*TASK DIRECTIONS*
Give the listing again word for word, excluding the pictures it contains.

*MATERIAL PROVIDED*
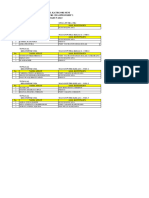 Jadwal Seni Singa & Macan Fix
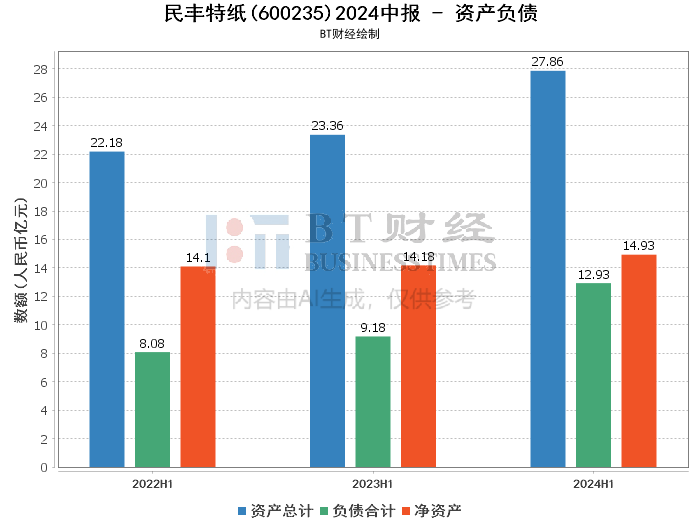 新澳2024资料免费大全版,深入解答解释定义_HD80.851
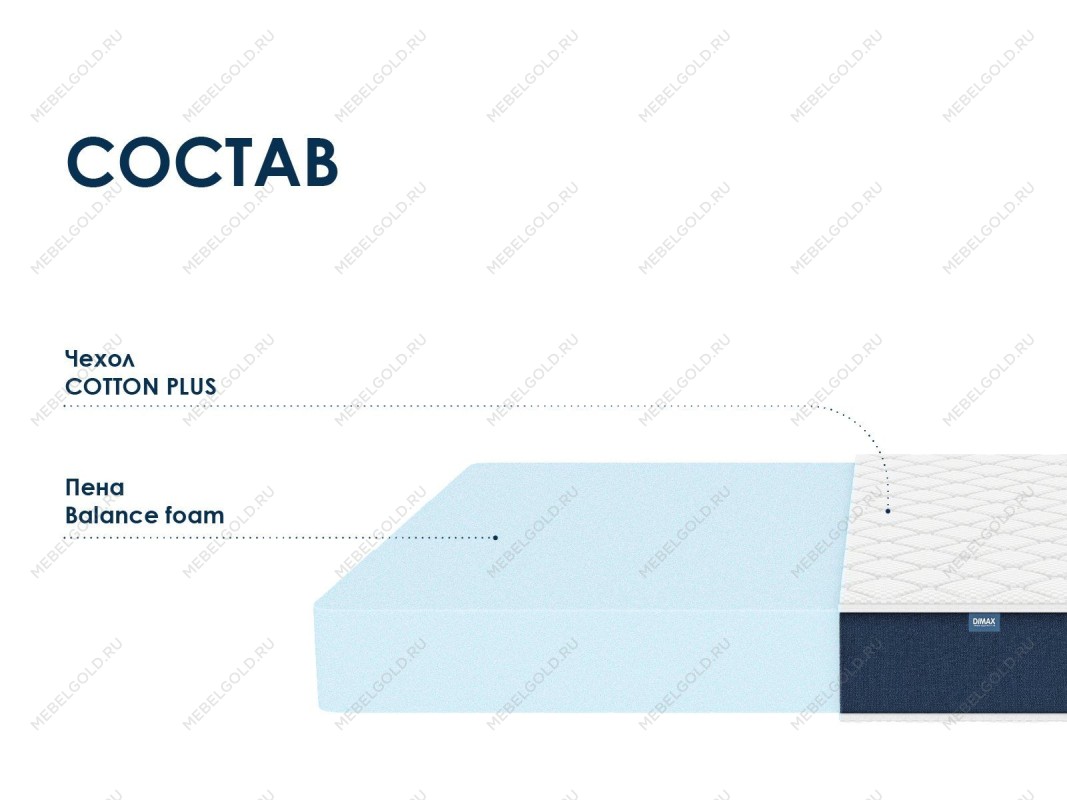 Матрас Практик Чип Ролл 18 90х200 | изображение 1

*TASK SOLUTION*
 Jadwal Seni Singa & Macan Fix
 新澳2024资料免费大全版,深入解答解释定义_HD80.851
 Матрас Практик Чип Ролл 18 90х200 | изображение 1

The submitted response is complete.